DIARY FOR MY LOVES is the diary of Márta Mészáros, the second of an intended three-film series which began with her DIARY FOR MY CHILDREN in 1982. In DIARY I, Mészáros gives a wistful portrait of her own childhood through the character of Juli Kovács as Juli grows up in the late 1930s and then spends the war years in the Soviet Union, where her father, a Communist sculptor, had emigrated in search of the Socialist paradise.

Juli/Mészáros' sweet memories of playing with her mother in fields of flowers become interrupted by the ominous appearance of state security policemen who take the father away. He remains Juli's model for the rest of her life — in political commitment, art, and confrontation with authorities. But his absence has another impact. Juli seeks out men who remind her of him. And she becomes drawn to women in positions of authority with whom she develops problematic relations.

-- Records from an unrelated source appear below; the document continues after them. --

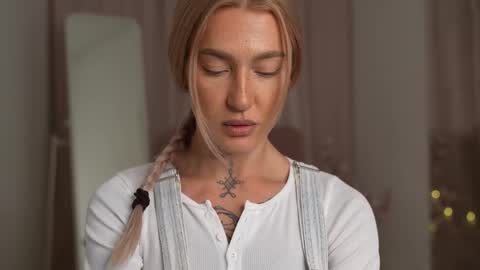 Snapshot of sparks__daisy chatting on 02.24.25 DAISY online show from 02.24.25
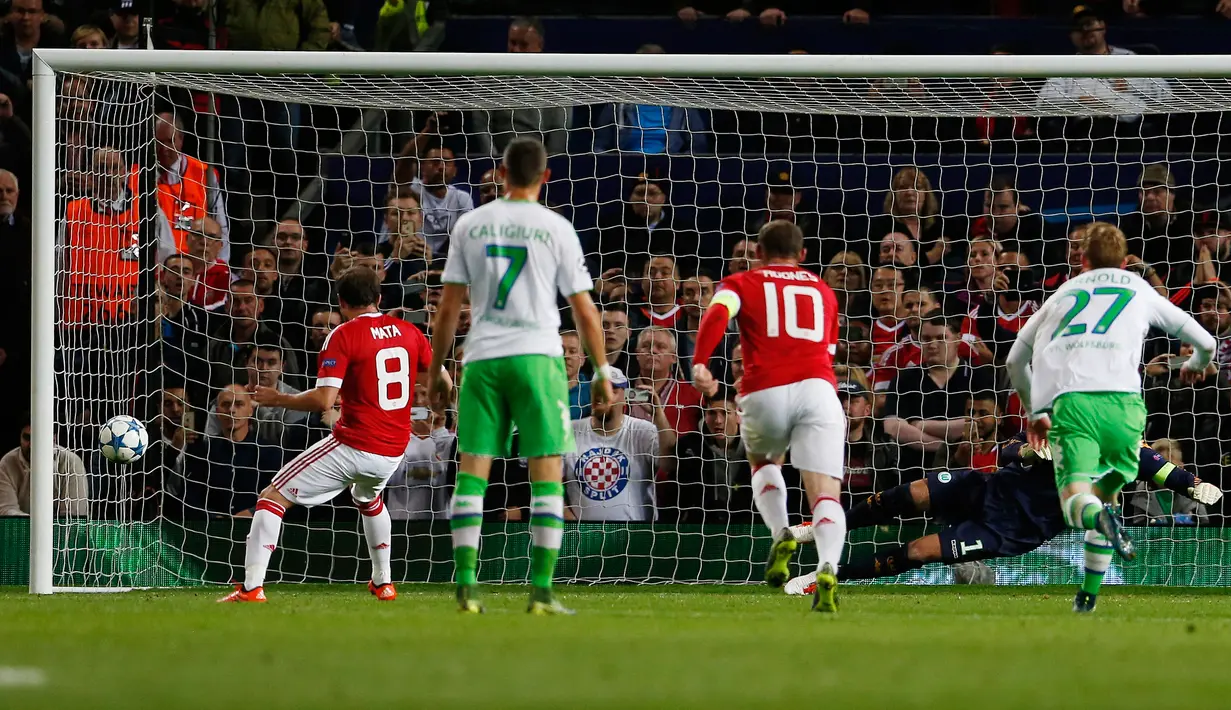 Gelandang MU, Juan Mata (kiri) melakukan eksekusi penalti pada laga Liga Champions di Stadion Old Trafford, Inggris, Kamis (1/10/2015). MU menang atas Wolfsburg dengan skor 2-1. (Reuters/Lee Smith)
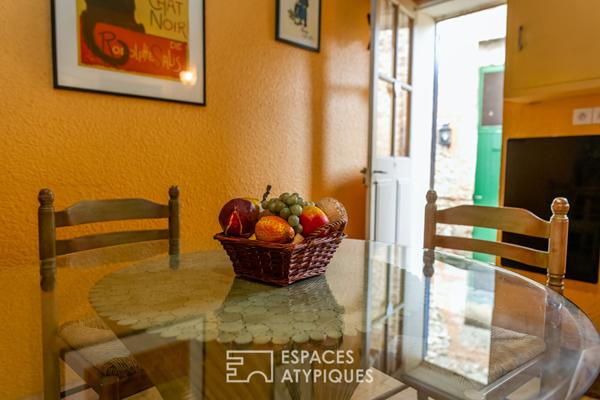 Cette ancienne maison de village de la Drôme a la saveur des souvenirs d’enfance.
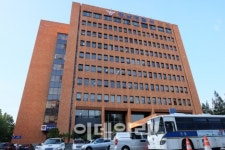 최순실 최측근 고영태, 주식투자 사기로 고소 당해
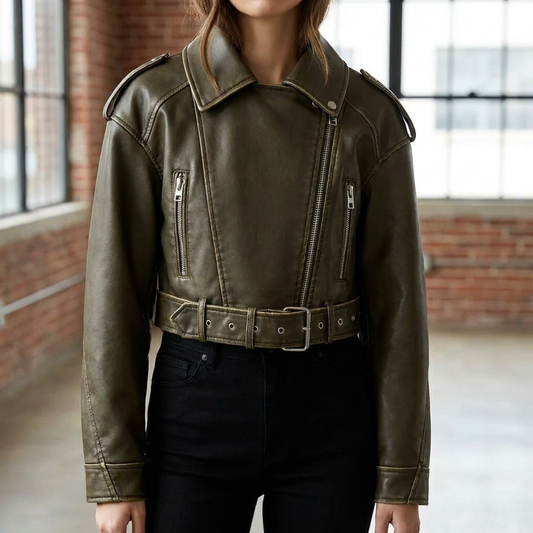 Chaqueta corta de cuero para mujer con cinturón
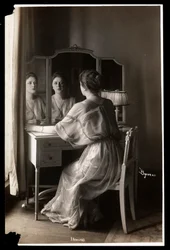 Portrait de Jobyna Howland assise à sa coiffeuse, 1908-9
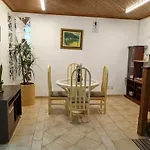 Uma Casinha Rosa No Pacaembu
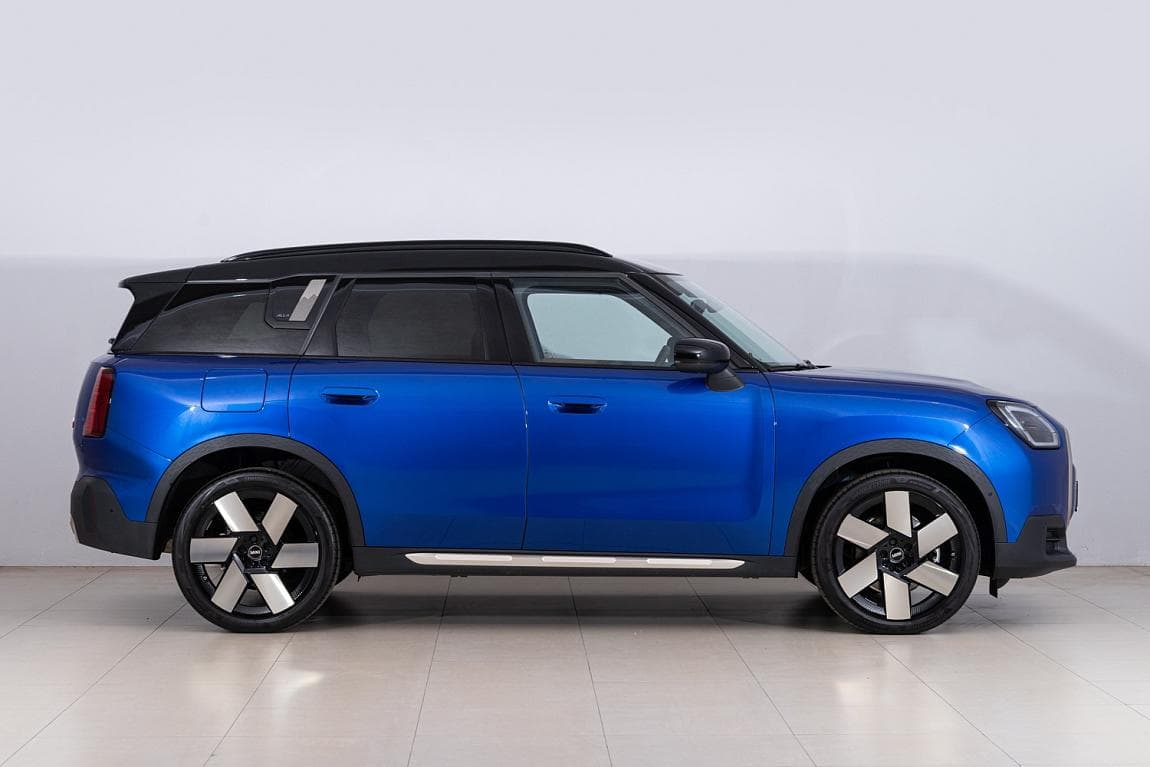 2024 Mini COUNTRYMAN - 2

After the war ends and Juli's mother dies, her stepmother Magda brings the teenage girl back to Budapest. The second part of DIARY I focuses on Juli's conflict with Magda, a colonel in the AVO, the state security police. Magda tries to dominate her stepdaughter with the militant forcefulness she acquired in the barracks. Through her, Juli also meets one of Magda's comrades, János, who becomes the one man she learns to trust and love in this family and country now so alien to her. Her attachment to János recalls and replaces her idealized relation with her father. The two men look alike and engage her in a similar quiet, understanding way. In this way, the film locates Juli between Magda, the embodiment of Stalinism, and János, whose political commitment stems from a deep human compassion. At the end of the first film Juli leaves her adolescence behind when she moves out of Magda's house.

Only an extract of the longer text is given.